2. Individuals must be randomly assigned, either to the intervention group or to the control
group to ensure that the groups are equivalent. Some individuals in a population may be more
religious, or more wealthy, or less sickly, or more prejudiced than others, but random assignment
ensures that those traits are randomly distributed through the groups in an experiment. The degree to
which randomization ensures equivalence, however, depends on the size of the groups created. With
random assignment, two groups of 50 are more equivalent than four groups of 25.

3.The groups are measured on one or more dependent variables (income, infant mortality,
attitude toward abortion, knowledge of curing techniques, or other things you hope to change by the
intervention); this is called the pretest.

4.The intervention (the independent variable) is introduced.


5.The dependent variables are measured again. This is the posttest.

True Experiments in the Lab

Bernard further says that true experiments with people are common in laboratory experiments
and in the testing of new medicines. Laboratory experiments often produce results that beg to be
tested in the natural world by anthropologists. Aaron and Mills (1959, as cited in Bernard, 1994)
demonstrated in a lab experiment that people who go through severe initiation to a group tend to be
more positive toward the group than are people who go through a mild initiation. They reasoned that
people who go through tough initiation rites put a lot of personal investment into getting into the
group. Later, if people see evidence that the group is not what they thought it would be, they are
reluctant to admit the fact because of the investment.

True Experiments in the Field

When they are done outside the lab, experiments are called field experiments. Janet Schofield
and her colleagues did a 3-year ethnographic study of a middle school. During the first year, they
noticed that African-American and white children seemed to react differently to "mildly aggressive
acts"-things like bumping in the hallway, poking one another in the classroom, asking for food, or
using another student's pencil without permission. There appeared to be no event of racial conflict in
the school, but during interviews white students were more likely to report being intimidated by their
African-American peers than vice versa (Sagar & Schofield,1980, as cited in Bernard, 1994).

Quasi-Experiments

Quasi-experiments are most often used in evaluating social programs. Suppose a researcher
has invented a technique for improving reading comprehension among third graders. She/he selects
two third-grade classes in a school district. One of them gets the intervention and the other doesn't.
Students are measured before and after the intervention to see whether their reading scores improve.
This design contains many of the elements of a true experiment, but the participants are not assigned
randomly to the treatment and control groups. (Bernard, 1994).

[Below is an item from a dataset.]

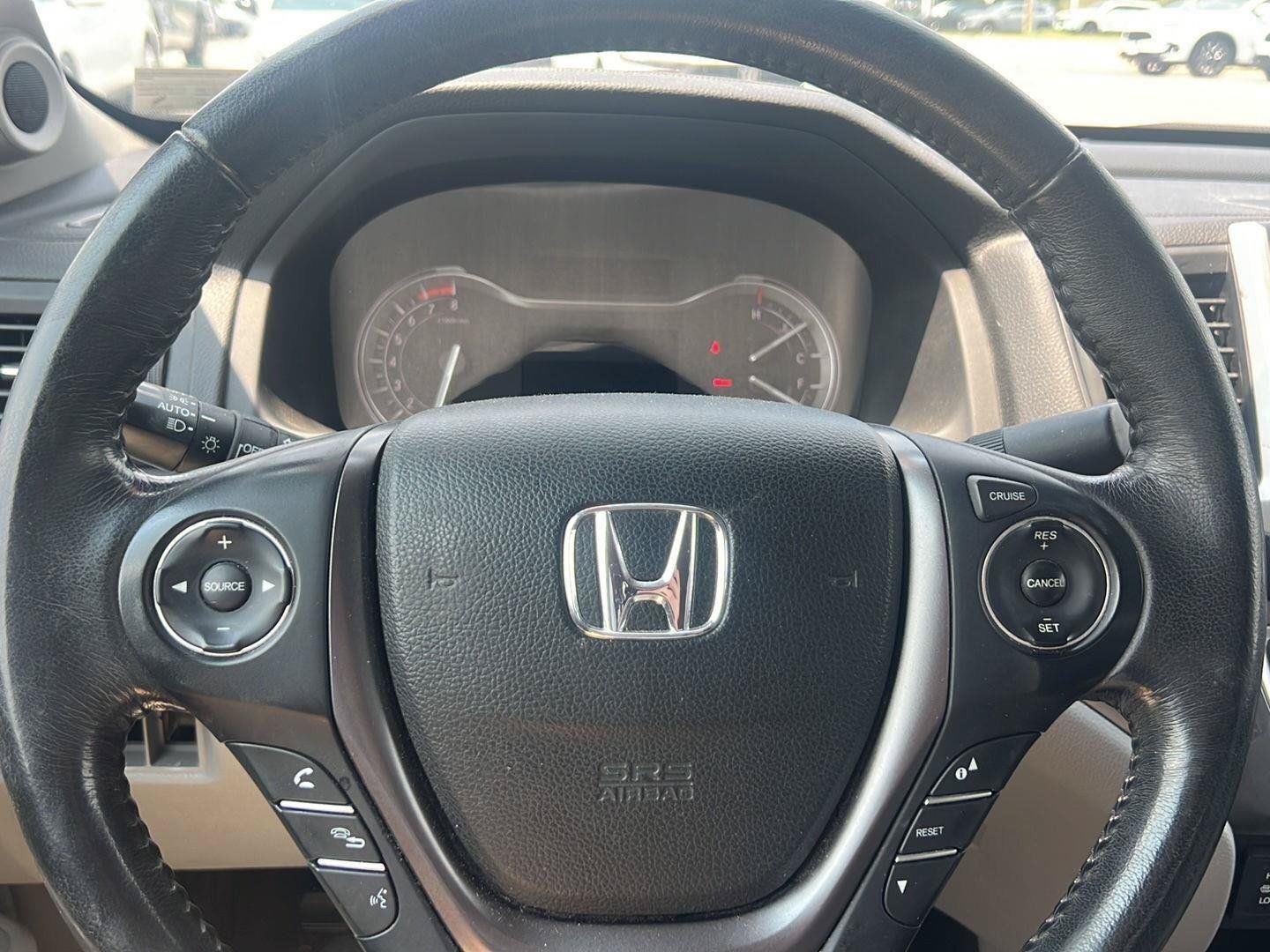 Used 2019 Modern Steel Metallic Honda RTL image 12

The One-Shot Case Study, or One-Group Posttest Only Design

In the one-shot case study design, a single group of individuals is measured on some
dependent variable after an intervention has taken place. The researcher tries to evaluate the
experiment by interviewing people (O) and trying to assess the impact of the intervention (X). The
problem, of course, is that you can't be sure that what you observe is the result of some particular
intervention. In the 1950s, physicians began general use of the Pap Test, a simple procedure for
determining the presence of cervical cancer. Following the introduction of the Pap Test,
measurements were made for several years to see if there was any effect. Sure enough, cervical
cancer rates dropped and dropped. Later, it was noticed that cervical cancer rates had been dropping
steadily since the 1930s. Of course, early detection of any cancer is important in fighting the disease.
But the data from the 1930s and 1940s show that, initially at least, the Pap Bernard,1994).

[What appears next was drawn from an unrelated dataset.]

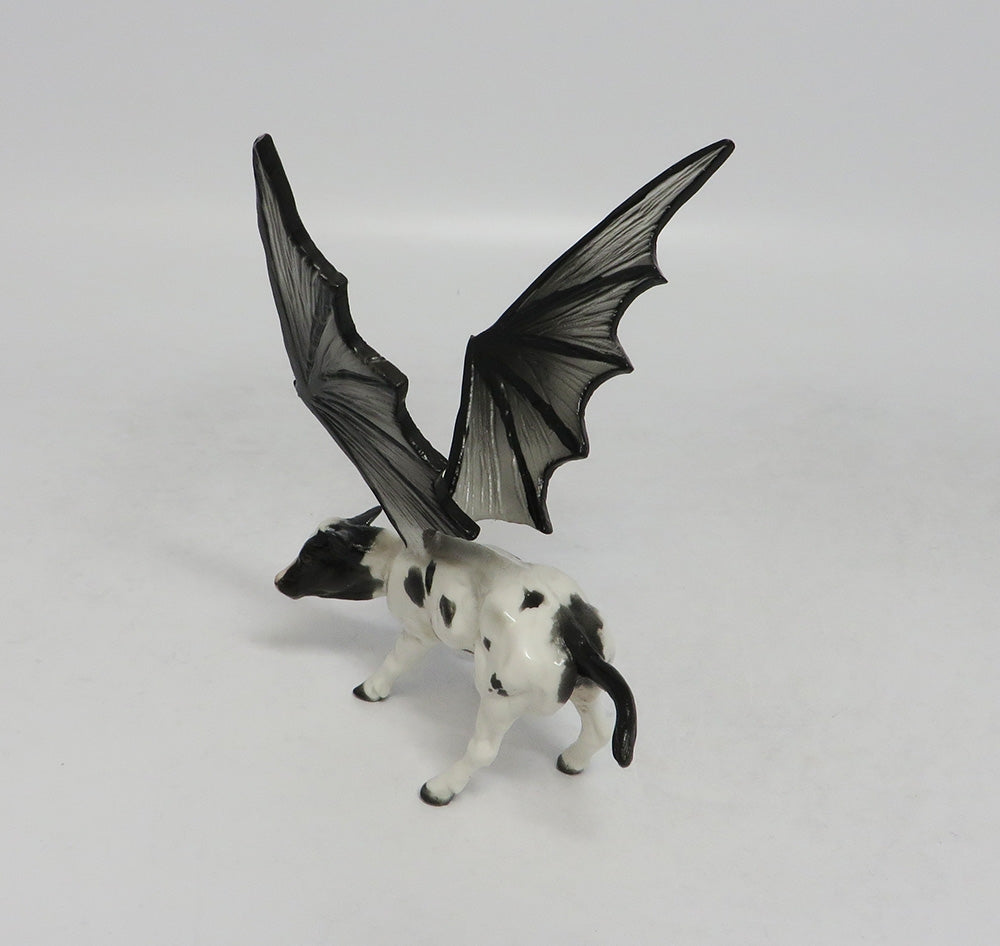 DWEEZEL- OOAK BLACK/WHITE COW BAT CHIP LHS 2018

The Two-Group Posttest Only Design

For this research design, Bernard (1994) cites this example: Consider two villages in the same
cultural region; one village has experienced a major intervention (tourism, a factory, an irrigation
system)while the other villages have not. You measure a series of variables (income, attitudes toward
the national government, the amount of time women spend in child-rearing activities) in both villages.
These are O1 and O2.

If the differences between O1 and 02 are small, you can't tell if the intervention, X, caused
those differences. This design is quite convincing, though, when the differences between O1 and O2
are large and where you have lots of participant observation data to back up the claim that the
intervention is responsible for those differences.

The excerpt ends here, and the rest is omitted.